Reading the Linux cpufreq sysfs interface is (deliberately) slow
The Linux kernel has a CPU frequency (management) system, called
cpufreq.
As part of this, Linux (on supported hardware) exposes various CPU
frequency information under /sys/devices/system/cpu, as covered in
Policy Interface in sysfs.
Reading these files can provide you with some information about the
state of your system's CPUs, especially their current frequency
(more or less). This information is considered interesting enough
that the Prometheus host agent collects (some) cpufreq
information by default. However, there is a little caution, which
is that apparently the kernel deliberately slows down reading
this information from /sys
(as I learned recently. A comment in
the relevant Prometheus code
says that this delay is 50 milliseconds, but this comment dates
from 2019
and may be out of date now (I wasn't able to spot the slowdown in
the kernel code itself).
On a machine with only a few CPUs, reading this information is probably not going to slow things down enough that you really notice. On a machine with a lot of CPUs, the story can be very different. We have one AMD 512-CPU machine, and on this machine reading every CPU's scaling_cur_freq one at a time takes over ten seconds:
; cd /sys/devices/system/cpu/cpufreq ; time cat policy*/scaling_cur_freq >/dev/null 10.25 real 0.07 user 0.00 kernel
On a 112-CPU Xeon Gold server, things are not so bad at 2.24 seconds; a 128-Core AMD takes 2.56 seconds. A 64-CPU server is down to 1.28 seconds, a 32-CPU one 0.64 seconds, and on my 16-CPU and 12-CPU desktops (running Fedora instead of Ubuntu) the time is reported as '0.00 real'.

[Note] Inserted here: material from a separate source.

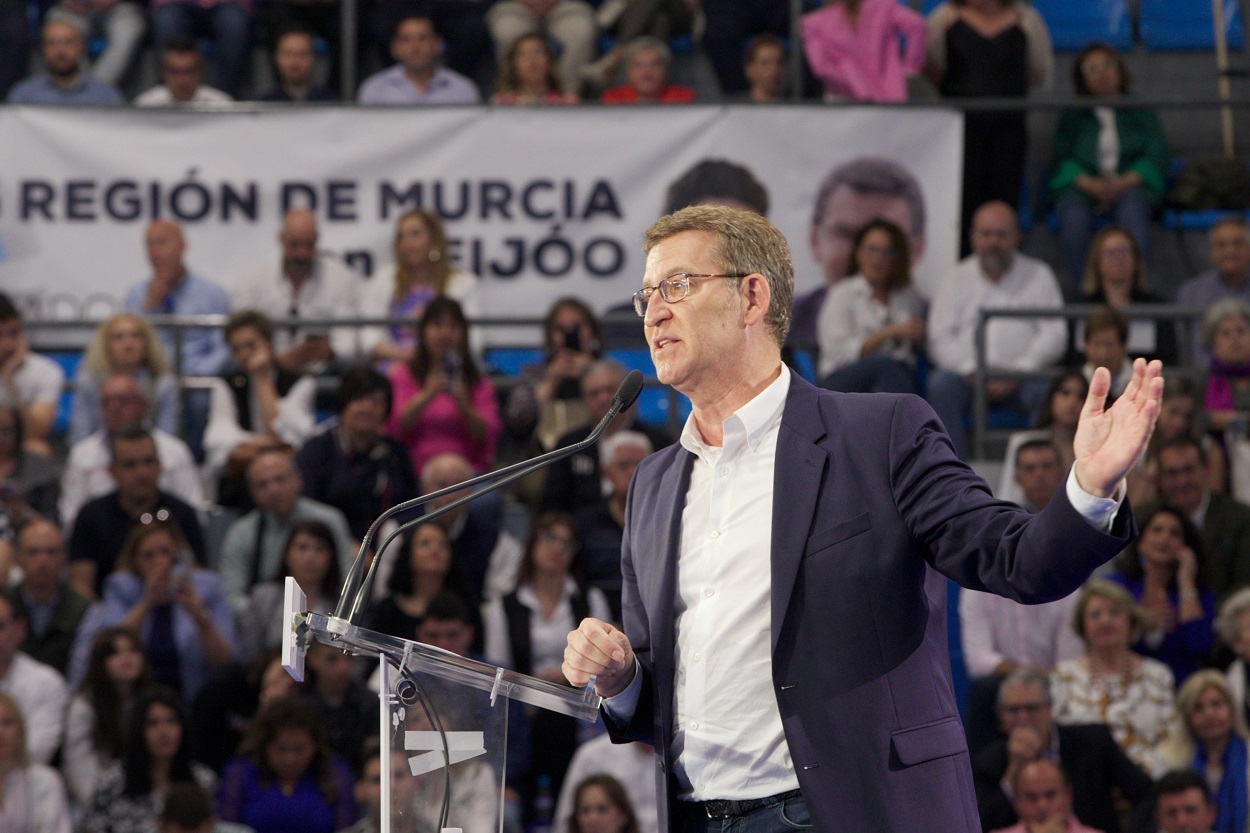 El presidente del Partido Popular, Alberto Núñez Feijóo, interviene durante un acto de precampaña del PP, a 22 de abril de 2023, en Murcia. EP.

This potentially matters on high-CPU machines where you're running any sort of routine monitoring that tries to read this information, including the Prometheus host agent in its default configuration. The Prometheus host agent reduces the impact of this slowdown somewhat, but it's still noticeably slower to collect all of the system information if we have the 'cpufreq' collector enabled on these machines. As a result of discovering this, I've now disabled the Prometheus host agent's 'cpufreq' collector on anything with 64 cores or more, and we may reduce that in the future. We don't have a burning need to see CPU frequency information and we would like to avoid slow data collection and occasional apparent impacts on the rest of the system.
(Typical Prometheus configurations magnify the effect of the slowdown because it's common to query ('scrape') the host agent quite often, for example every fifteen seconds. Every time you do this, the host agent re-reads these cpufreq sysfs files and hits this delay.)
PS: I currently have no views on how useful the system's CPU frequencies are as a metric, and how much they might be perturbed by querying them (although the Prometheus host agent deliberately pretends it's running on a single-CPU machine, partly to avoid problems in this area). If you do, you might either universally not collect CPU frequency information or take the time impact to do so even on high-CPU machines.
|
|